Connor Wood

Personal information
- Born: May 29, 1993 (age 33) Guelph, Ontario
- Listed height: 6 ft 4 in (1.93 m)

Career information
- High school: Bishop Macdonell (Guelph, Ontario)
- College: Carleton (2012–2017)
- NBA draft: 2017: undrafted
- Playing career: 2017–present
- Position: Guard

Career history
- 2017–2018: Niagara River Lions
- 2018–2019: Paderborn Baskets
- 2019: UJAP Quimper
- 2019: Guelph Nighthawks
- 2019–2020: Rio Ourense

Career highlights
- 5× CIS champion (2013–2017); CIS Player of the Year (2017); CIS Tournament MVP (2016); CIS All-Canada First Team (2017); OUA Player of the Year (2017); All-OUA First Team (2017);

= Connor Wood (basketball) =

Canadian basketball player

Connor John Wood (born May 29, 1993) is a Canadian professional basketball player. Wood plays the guard position.

== College career ==
During his college career, he won five straight CIS championships with the Carleton Ravens. Wood was the recipient of the Mike Moser Memorial Trophy as the CIS Outstanding Player in 2016–17 and also earned All-Canada First Team as well as OUA Player of the Year and CIS Tournament All-Star Team honours that year. As a fifth-year player, Wood averaged 19.2 points a game in 2016–17, while nailing 50.8 per cent of his shots from the floor and 50.3 percent from beyond the arc.

== Professional career ==
In November 2017, he signed his first contract as a professional basketball player, joining the Niagara River Lions of the National Basketball League of Canada (NBL Canada). He made 44 appearances for the River Lions in his rookie season, averaging 9.3 points, 2.9 rebounds and 2.1 assists per contest.

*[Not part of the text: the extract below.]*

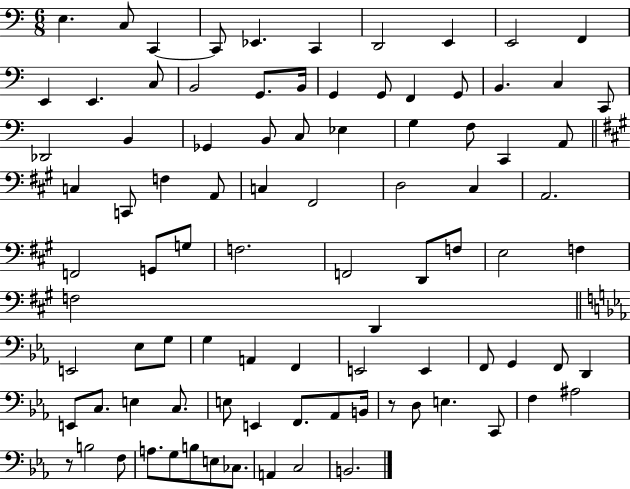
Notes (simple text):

E3/q. C3/e C2/q C2/e Eb2/q. C2/q D2/h E2/q E2/h F2/q E2/q E2/q. C3/e B2/h G2/e. B2/s G2/q G2/e F2/q G2/e B2/q. C3/q C2/e Db2/h B2/q Gb2/q B2/e C3/e Eb3/q G3/q F3/e C2/q A2/e C3/q C2/e F3/q A2/e C3/q F#2/h D3/h C#3/q A2/h. F2/h G2/e G3/e F3/h. F2/h D2/e F3/e E3/h F3/q F3/h D2/q E2/h Eb3/e G3/e G3/q A2/q F2/q E2/h E2/q F2/e G2/q F2/e D2/q E2/e C3/e. E3/q C3/e. E3/e E2/q F2/e. Ab2/e B2/s R/e D3/e E3/q. C2/e F3/q A#3/h R/e B3/h F3/e A3/e. G3/e B3/e E3/e CES3/e. A2/q C3/h B2/h.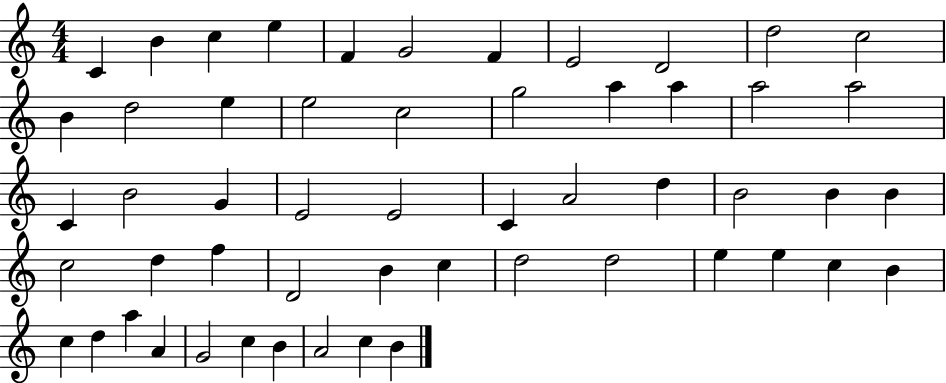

On July 30, 2018, Wood signed with Paderborn Baskets of the ProA, the second-tier league in Germany. He saw action in 28 ProA games during the 2018-19 campaign, averaging 12.7 points, 2.9 assists, 2.7 rebounds per contest. Draining 43.3% of his shots taken from beyond the arc (71-of-164), he was Paderborn's leading three-point shooter. Wood moved to UJAP Quimper of the French ProB in April 2019. He finished the 2018-19 season with the French second-division club, averaging 8.9 points and 1.9 rebounds per contest (seven games played). Later in 2019, he played for the Guelph Nighthawks in the Canadian Elite Basketball League (CEBL), scoring a team-high 16.1 points per game, while dishing out 3.7 assists a contest. He subsequently joined Rio Ourense of the Spanish second division LEB Oro for the 2019-20 season. He shot 45.9% on 133 threes in 24 games during the 2019-20 season, scoring 9.0 points per contest, along with 2,7 rebounds and 1.0 assist per game.

== National team career ==
He competed for Canada at the 2017 World University Games in Taiwan.

Posting 14 points, 2.3 rebounds and 2.2 assists a contest, Wood helped Team Canada capture the 2017 William Jones Cup title.